Com ações a R$ 0,84, a Americanas S.A. (AMER3) amarga um ano desde o anúncio do escândalo envolvendo inconsistência contábil de R$ 20 bilhões – corrigidos depois para um rombo que, com a dívida bruta da companhia, somavam R$ 40 bilhões. 

Mais de 5,5 mil demissões até o final de 2023 e 95 lojas fechadas fazem parte do espólio do escândalo. A holding tenta se recuperar no mercado financeiro, em paralelo com a aprovação do plano de recuperação judicial fechando 2023. Para analistas, o PRJ aprovado deu fôlego, mas a imagem da Americanas está cada vez mais distante de um retorno ao clube das maiores varejistas do país.

Resumo

  • Americanas entrou com recuperação judicial em janeiro de 2023 após escândalo de rombo e fraude;
  • Em junho, um relatório emitido pela própria companhia apontou bilhões de reais em fraudes e lançamentos indevidos;
  • Em novembro, a empresa demitiu, no período de uma semana, mais de 5,5 mil colaboradores.
  • A empresa admitiu que ainda possuía R$ 21,1 bilhões em dívidas, sem contar o endividamento bancário.
  • Até setembro de 2023, a varejista fechou 95 lojas.

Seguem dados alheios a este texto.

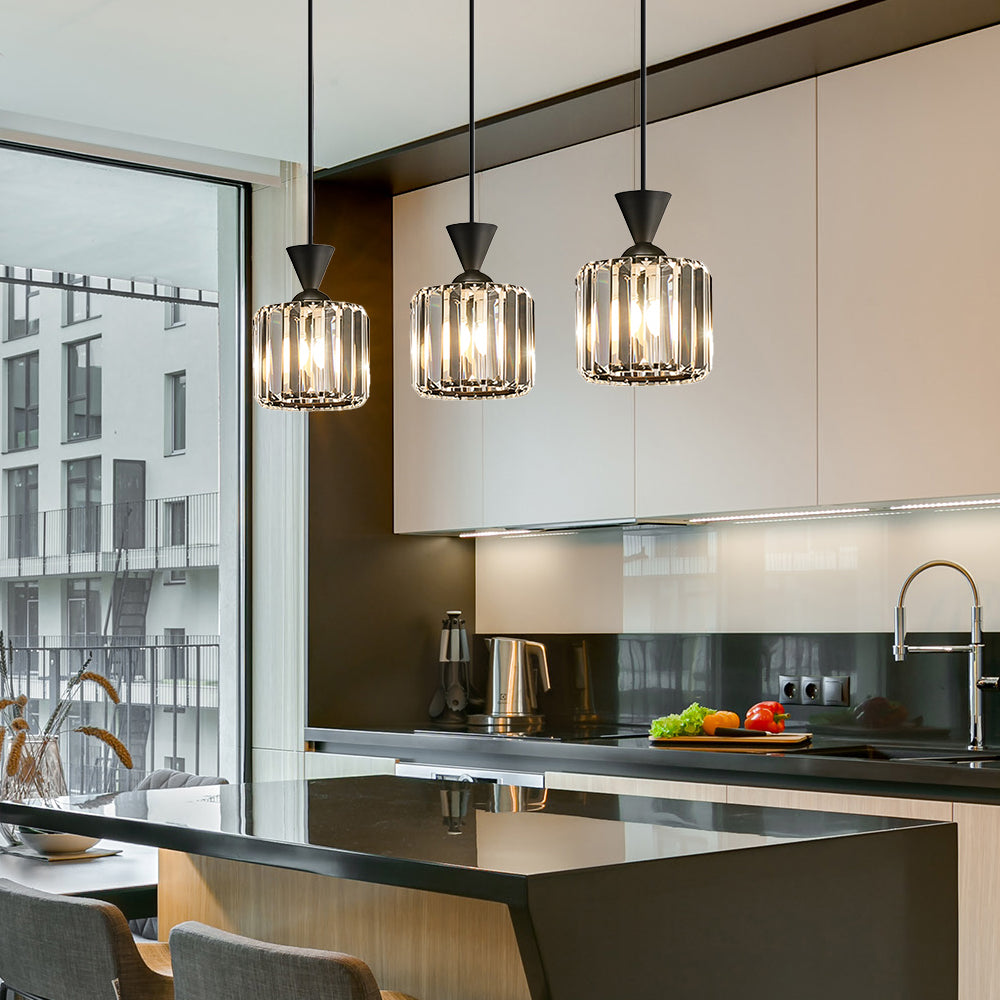 (Q) 5.9-Inch Glass Pendant Light, Modern Luxury Style Cylindrical Lampshade Glass Pendant Light, Suitable for Living Room, Dining Room, Bedroom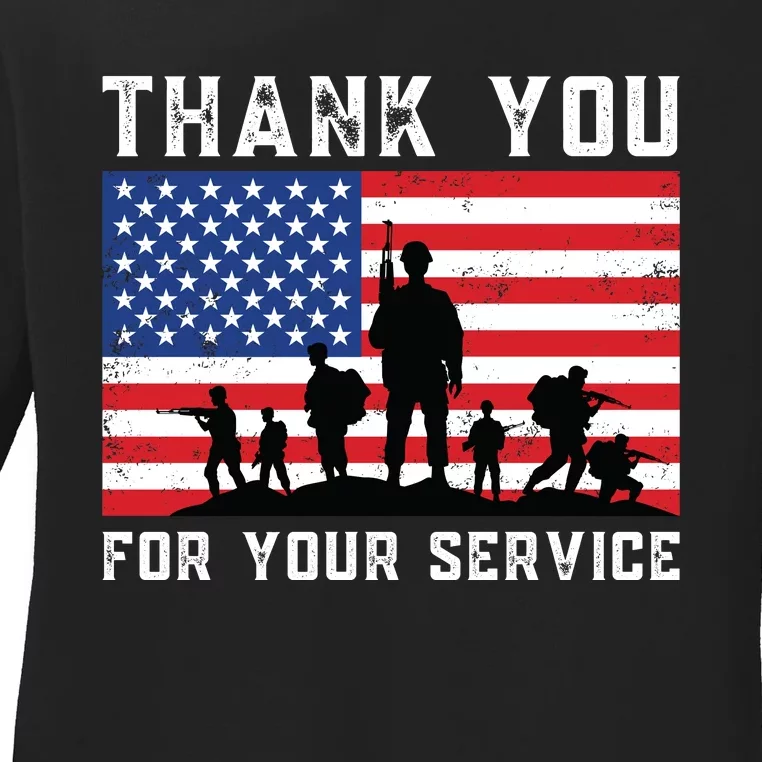 Thank You Veterans For Your Service Veterans Day Ladies Long Sleeve Shirt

“Neste momento a [possibilidade de] falência está afastada, principalmente com a aprovação do plano de recuperação judicial que foi realizado agora em dezembro. Pela própria natureza da recuperação judicial, será necessário acompanharmos as ideias, processos e procedimentos que nela foram estabelecidos e postos em prática”, explica Rafael Zuanazzi, advogado empresarial e sócio da Russell Bedford Brasil.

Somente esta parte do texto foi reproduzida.